I would also like to say that when our General President was given such an ecstatic reception as once were Carlos Manuel de Céspedes, Salvador Cisneros Betancourt or Bartolomé Masó, I remembered the particular characteristics of our nation’s history.
I am a historian and, therefore, I have the habit of looking for explanations in that crystal ball. So, I reminisced about that episode of the 1868 Great War when a worthy man, who was incidentally misled, waylaid Antonio Maceo and pointed a revolver at his chest, disobeying Maceo’s orders. Maceo asked Limbano Sánchez – who later died heroically – to put down his gun and, when the latter obeyed, despite his bodyguard’s skeptical look, the Major General gave him a hug, and drew him toward the bosom of truth and reason.
The same thing happened during the struggle by the rebel forces in the Sierra [Maestra Mountains]. At the beginning, one of them was not happy with the way guns obtained in combat had been distributed, and tried to prove himself to the chief, saying that what was his would remain his. Then he gestured to wield his gun, but a man came and stood between the other two. That man is the General President who attended our Congress yesterday: I mean, Raúl. Had he not done so, perhaps we would not have a Revolution today.

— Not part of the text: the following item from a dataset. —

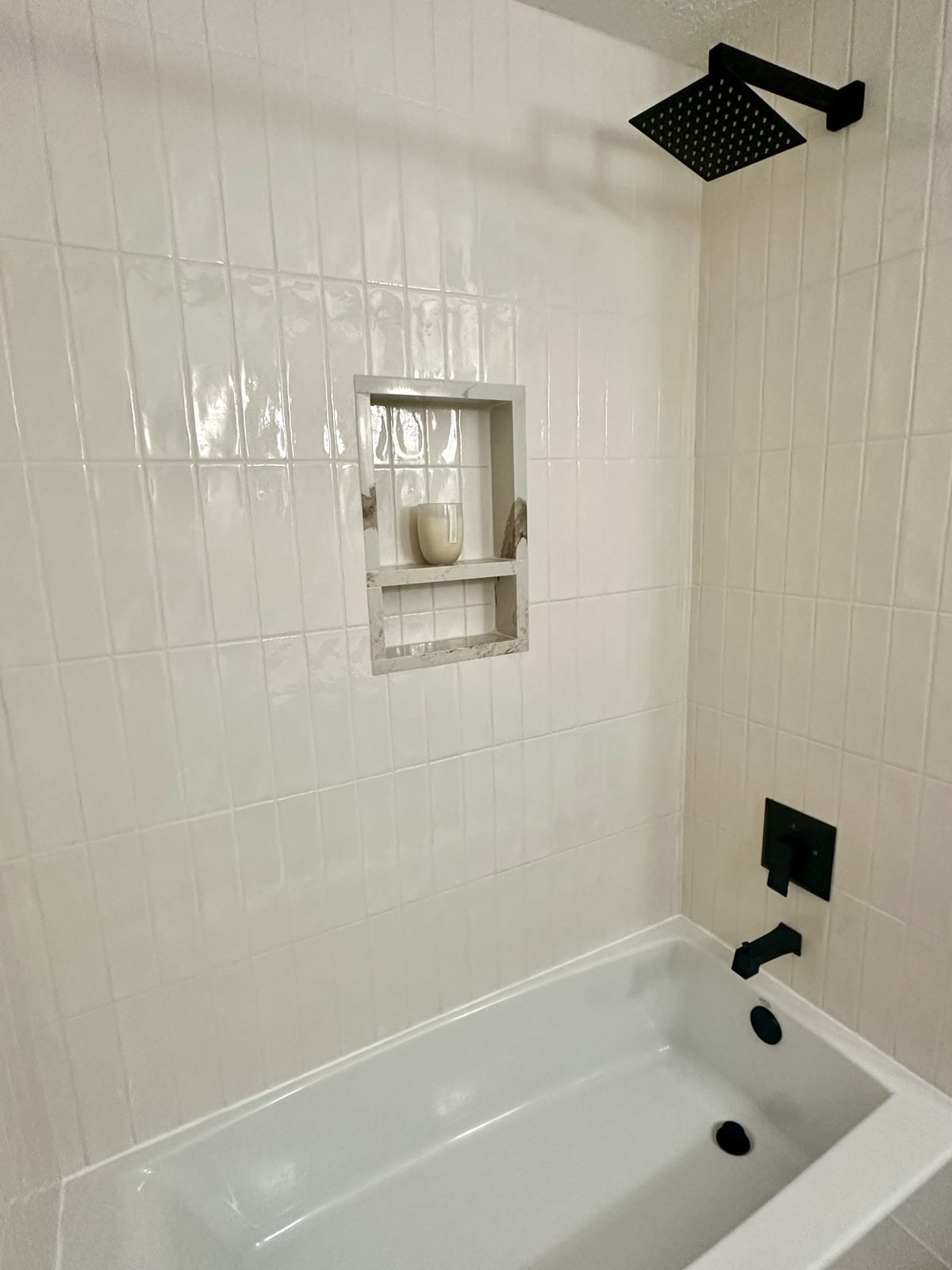 Bathroom tub/shower combo in Winter Haven, FL with vertical stack white tile, matte black fixtures, and marble niche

We are not alone. Our nation is listening to what we are saying. Fidel is listening, and so was a deeply respectful Raúl yesterday.

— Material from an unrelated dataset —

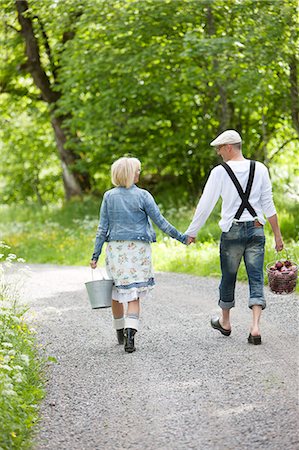 Mature couple holding hands and walking through graveled road Stock Photo - Premium Royalty-Free, Code: 6102-08800441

In an overfamiliar manner, I once told the one I’m referring to: “You have forever condemned our nation to have a distinguished man as president.” And I was suffering for it. Today I think that distinguished Cubans – men and women – are here. You are a part – just a part – of them, because there are many others in the factories, at sea, in the armed forces, in sciences; but writers, pioneers, intellectuals – Cuba’s visible soul – are gathered here.
It will not be as in the Great War, when the cream of young intellectuals rode along with the President of the Republic in Arms –Bartolomé Masó – as part of his staff. When General Modesto Díaz – who did not understand much about art issues – saw them, he was so upset that he asked: “Mr. President, how come you surround yourself with these bandits?” The latter replied: “Why do you say such a thing about these young people?” And the former replied: “I do not know; I have been told that they are just poets.” Those poets were later immortalized by José Martí in his beautiful The War Poets, where he spoke of their originality. Nearly all of them signed their own written work with their blood.
I believe that Kcho – world-famous for his work; Desiderio Navarro – with his remarks; Frank Fernández with his, and each and every one of those who have spoken, have contributed to the essence of the problems under discussion.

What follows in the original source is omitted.